I did several tests on these 103782 starts, working on chunks of 8000 starts.
The main test was to run the code with the finder looking for puzzles of size <=26.
The average per start was around
3.2 seconds of runtime
17000 puzzles to rate
Keeping in mind that the proof that no 16 exists took about 3s per solution grid, this is feasible but requires huge power.
And here, we still have to rate the puzzles, more or less doubling the runtime using filters.
In the main test, the next steps were to clean the output of the finder from puzzles having no chance to reach the high ratings expected in the loki family.
The cleaning is done on 2 parameters:
As Mith’s file is T&E(3), all puzzles T&E(1) are discarded.
If we expand puzzles on easy moves (singles + ???), the chances of getting a high rating decrease sharply when the number of clues grows. It seems that >31 clues can be ignored without great risk to missing important puzzles.

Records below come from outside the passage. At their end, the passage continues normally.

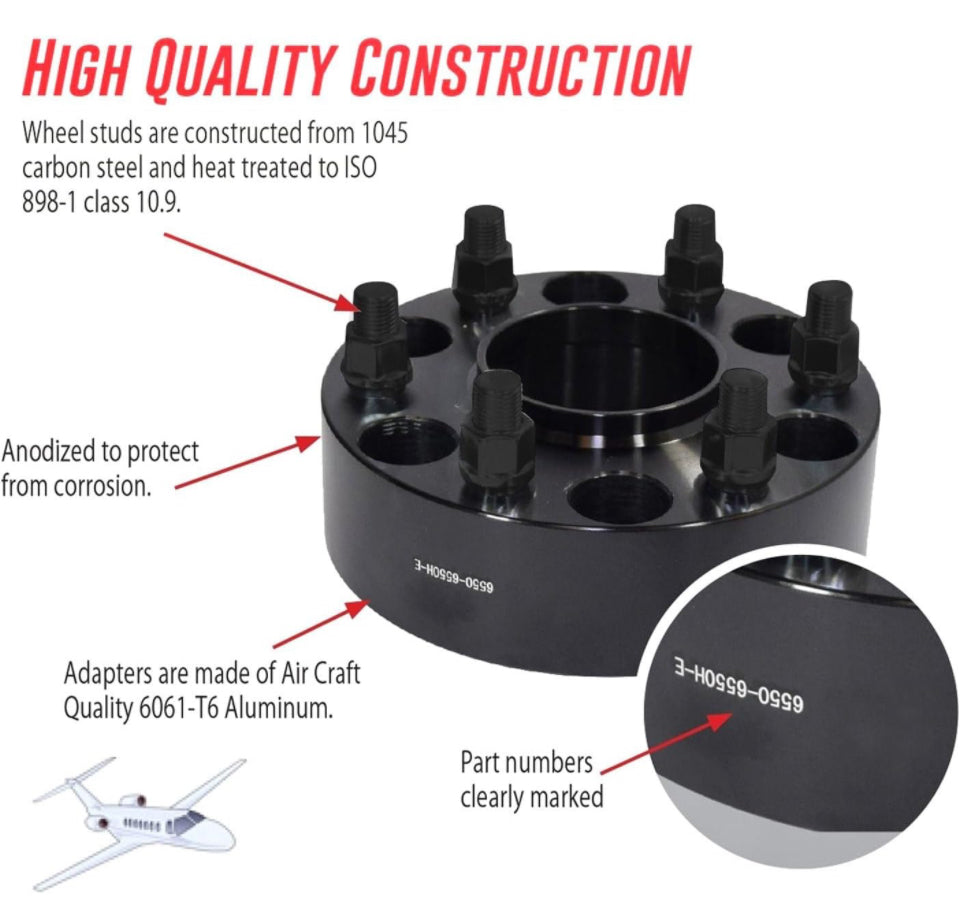 Coyote Accessories - Black Anodized 6061-Billet Aluminum Wheel Adapter Set Of 2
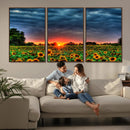 Golden Sunflower Field at Sunset – Breathtaking Sky and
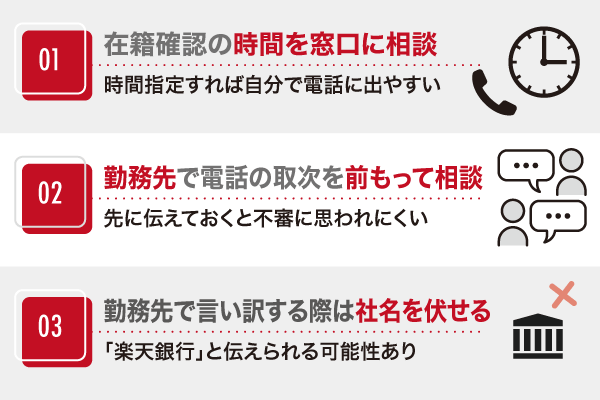 楽天銀行スーパーローンの在籍確認前にしておく対策を3つ解説した図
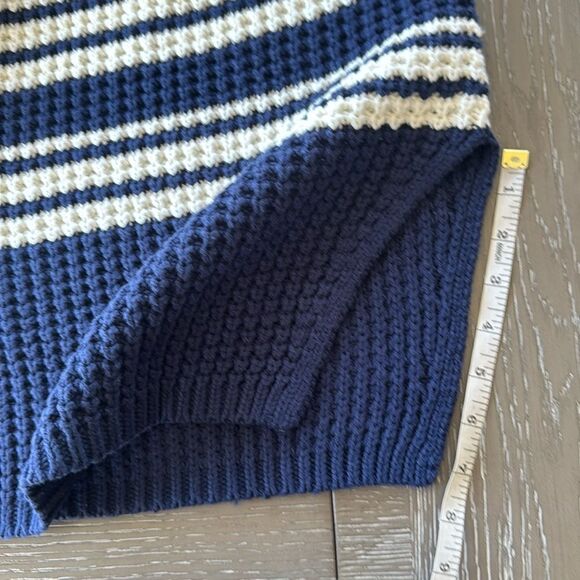 LANDS’ END Chunky Cotton Blend Navy Striped Women’s L 14-16 Sweater Casual EUC - Picture 12 of 12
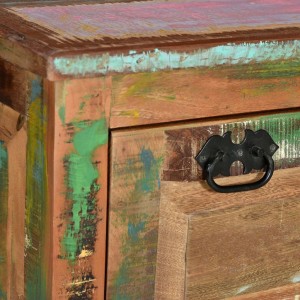 Banco sapateira madeira reciclada maciça H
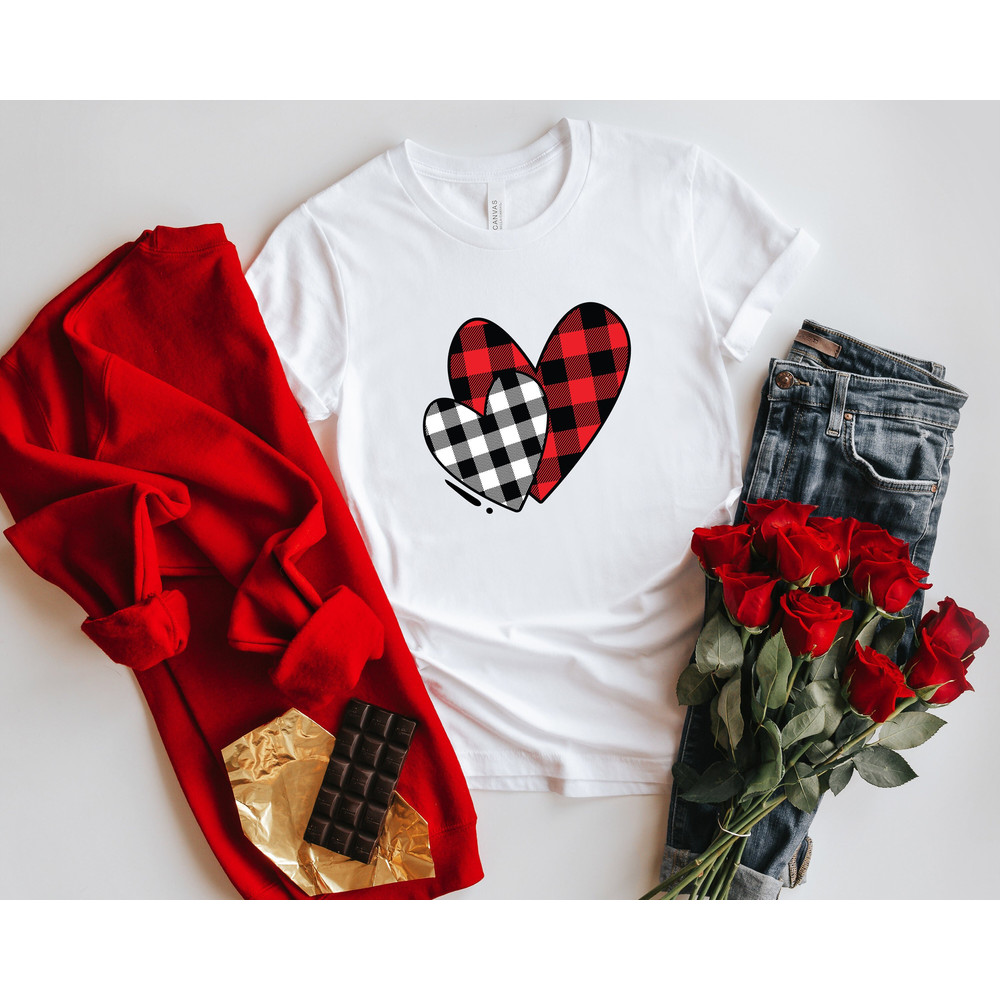 Buffalo Plaid Heart , Valentines Day Shirt, Valentines Day, Heart Shirt, Cute Valentine Shirt, Valentines Day Gift, Cheetah Valentines.jpg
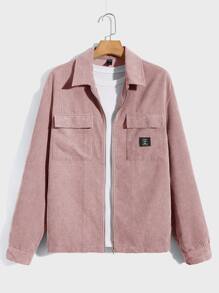 Manfinity RebelGame Loose Men's Flap Pocket Patchwork Zipper Jacket - Dusty Pink - View 1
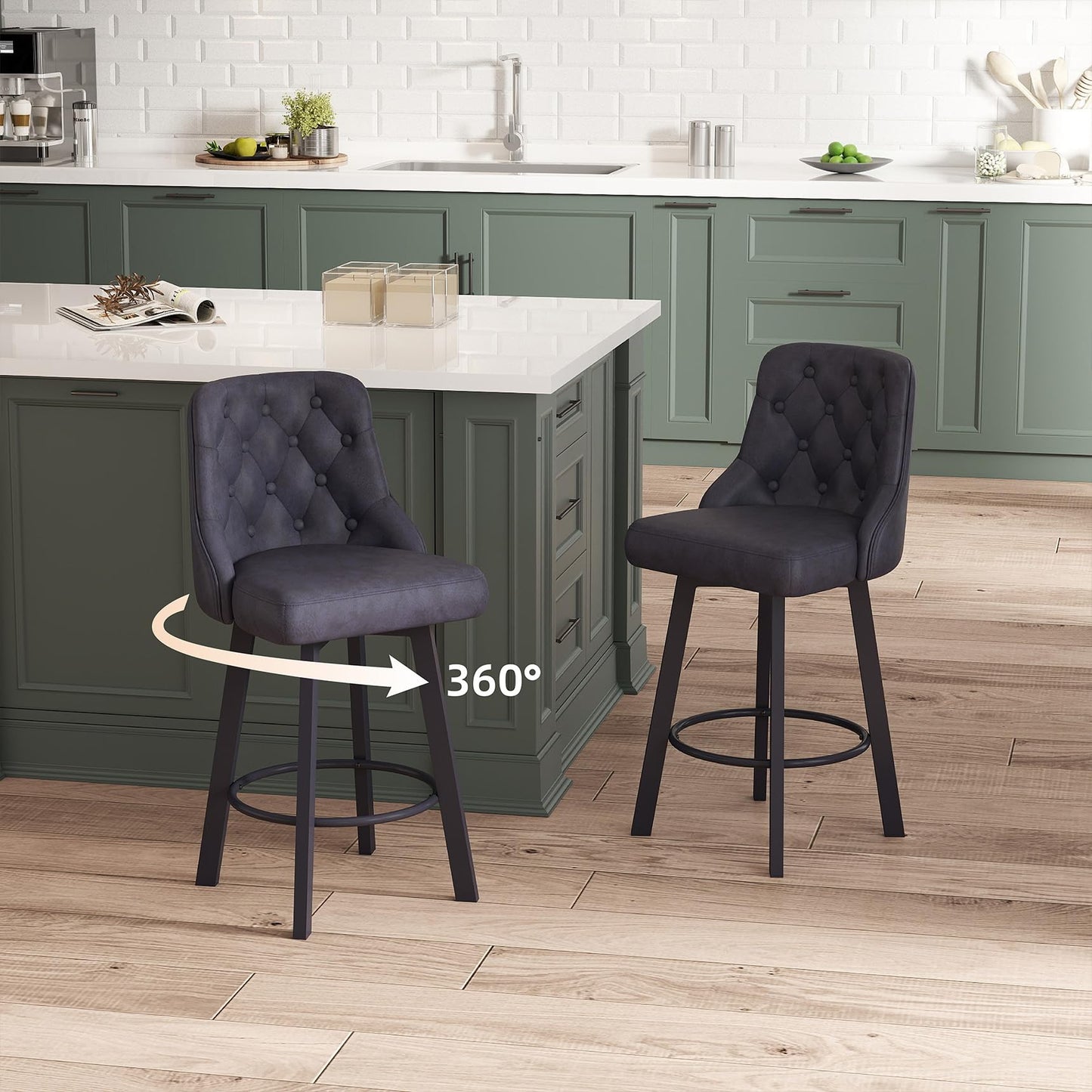 Youhauchair Bar Stools Set of 2, Waterproof PU Leather, Black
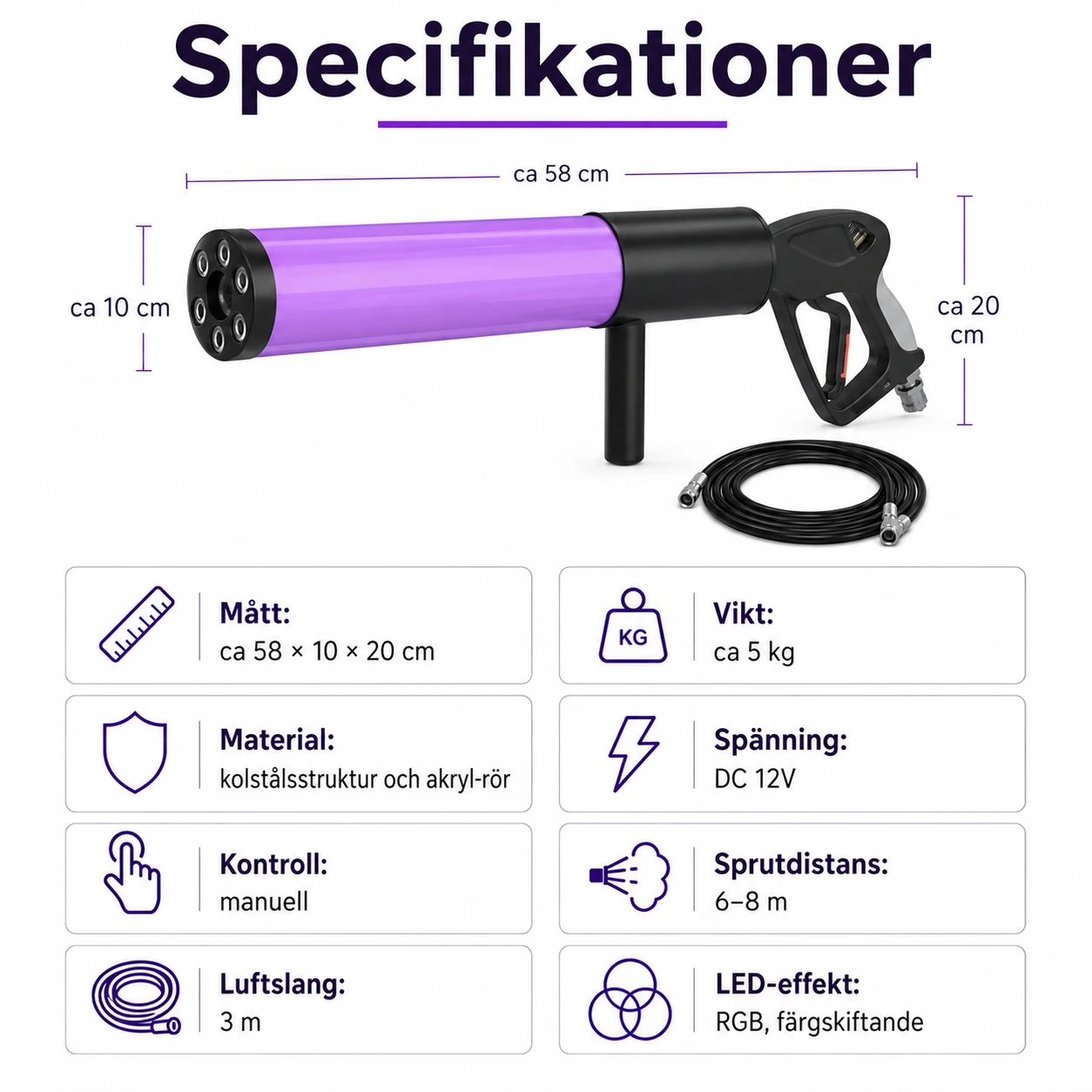 CO2-rökpistol med RGB LED för fest och scen
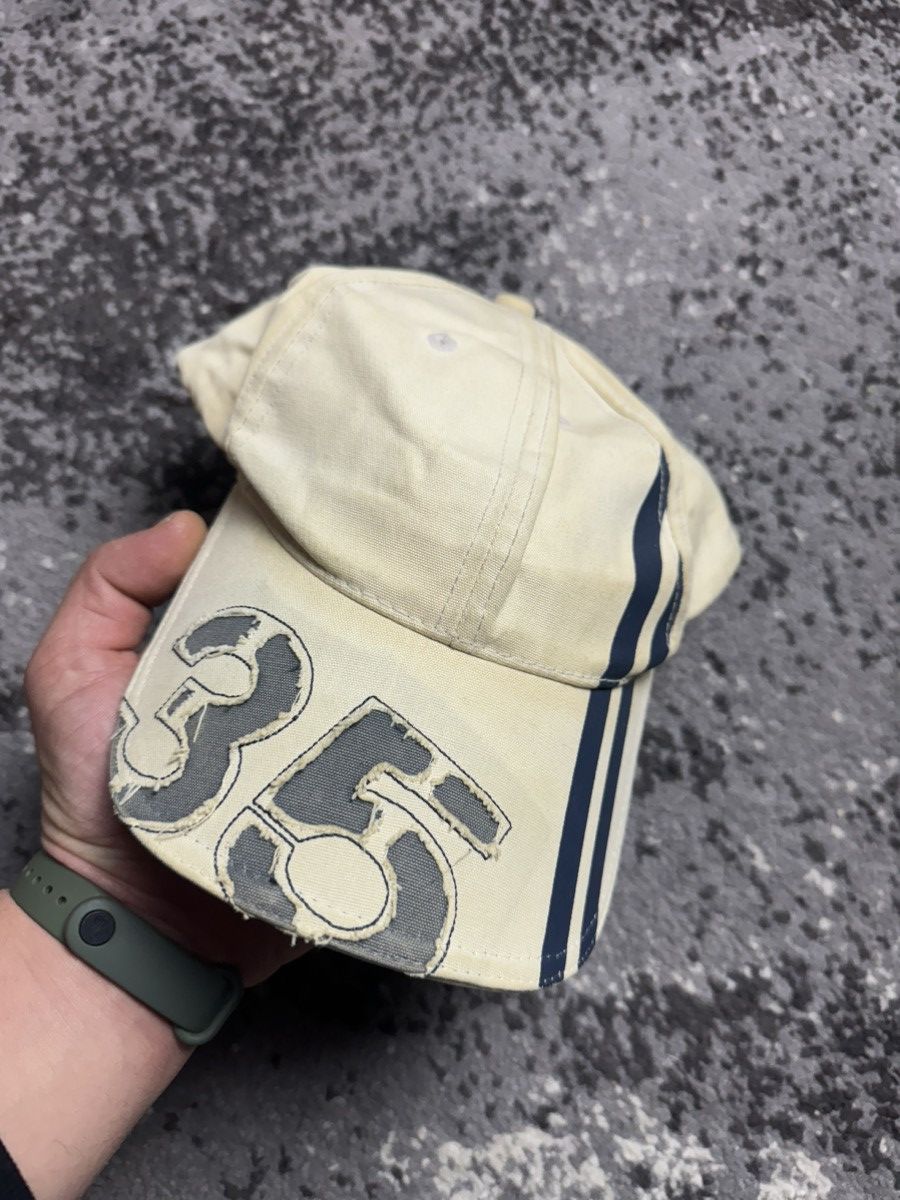 Pre-owned Avant Garde Y2k Avantgarde Stripe 35 Embroidered Logo Faded Cap In Beige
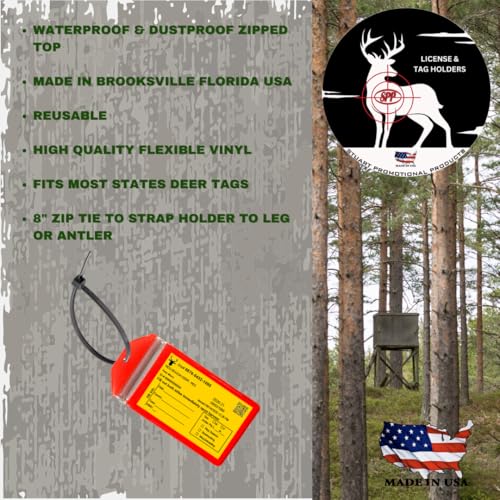 5 Pack, Fluorescent Orange, Vertical, Zipped, Hunting & Fishing License Holder, Includes Zip Tie, Made in USA - style: 5 Pack-Flourescent Orange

And we have some redundancy saving rating steps.
In the test, we end with 548191 puzzles to rate, a small number of these puzzles being subsets of another puzzle as here
974..........2.9.....6.9......56..12...2.18.9....9865..1..52.....58.6...6..91.58. ED=10.2/10.2/2.6
974..........2.9.....6.9......56..12...2.18.9....9865..1..52.....58.6..16..91.58. ED=9.4/9.2/2.6
This is now a small number of grids to rate per solution grid (~5). This is good if we still have high rating hits in the loki family.
And in fact, I got 595 hits >=11.5 with the following distribution (skfr ratings)
- Code: Select all
11.5 78
11.6 286
11.7 222
11.8 9
Enough to think that, with such a cutoff, we should find similar families if any.
With a cutoff on puzzles with >=30 clues, the total number of hits goes down from 595 to 291 with the distribution
- Code: Select all
11.5 33
11.6 139
11.7 115
11.8 4
An option to consider although the risk of missing a new family increases.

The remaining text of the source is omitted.